Regarding verdy_p's code: I don't think it is a good idea to deviate from Lua's idioms, and if there were a uniqueNan parameter, it should not be tested for explicit "false" and "true" values. The function regards "hello" as neither false nor true and while that is a very defensible position, it's not how Lua code is supposed to work. Johnuniq (talk) 03:26, 3 February 2014 (UTC)[reply]
It takes three values (it is a "tri-state boolean"):
  • nil the default is your existing code that keeps them all,
  • true keeps a single Nan,
  • false does not even keep this one
  • any other (unsupported) value in other types is considered like nil.
There's no such "Lua idiom" (about NaN) except that the default value is nil (already a common Lua practive), and otherwise the parameter is used as a boolean flag whose value is meant by its explicit name (and is a general good practive for naming boolean flags)... Tri-state boooleans are very common objects in many situations where we need a supplementary "may be / unknown / don't know / other / not specified / not available / missing data / to be determined later / uninitialized / refuse to say / no opinion / fuzzy" value.
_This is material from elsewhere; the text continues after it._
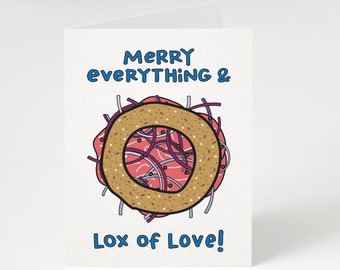 SUPER SALE! Merry Everything & Lox of Love. Greeting Card. Funny Holiday Card. Funny Christmas Card. Funny Hanukkah Card. Bagel Card. Food.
This fuzzy concept is also carried by Nan (within the field of numbers instead of booleans) so it is really appropriate here !
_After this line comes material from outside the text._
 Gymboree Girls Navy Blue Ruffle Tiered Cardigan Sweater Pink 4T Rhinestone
There's also no such ideom of "NaN" in Mediawiki parameters. Given that Lua already states that multiple NaN values compare effectively as "equal", it makes no sense to keep these duplicates which occur occasionally as result of computed numeric expressions (numbers in Lua never distinguish any NaN, neither does MediaWiki). You "idiom" is that used in Java or C++, which is NOT directly usd in MadiaWiki or Lua (hidden in the underlying internal representation). Keeping these duplicates should complicates situation where we expect "keys" in Lua tables to be unique. Not doing that means that we'll not properly detect overrides, and it will be impossible to map any action of value to NaN, meaning that we'll always get unspecified results that we can never catch in MediaWiki templates (this means undetected errors and unspecified behavior, wrong results in all cases). Lua treats all NaN as unique values which compare equal between each other, but different from all other non-NaN values (including "nil"/unmapped). Note that "nil" in (which matches unspecified MediaWiki values) is NOT "NaN" and is also NOT an "empty string" value (which is only one of the possible default values for unspecified but cannot match any "NaN"). "NaN" in Mediawiki is a string, and does not match the Lua NaN numeric value.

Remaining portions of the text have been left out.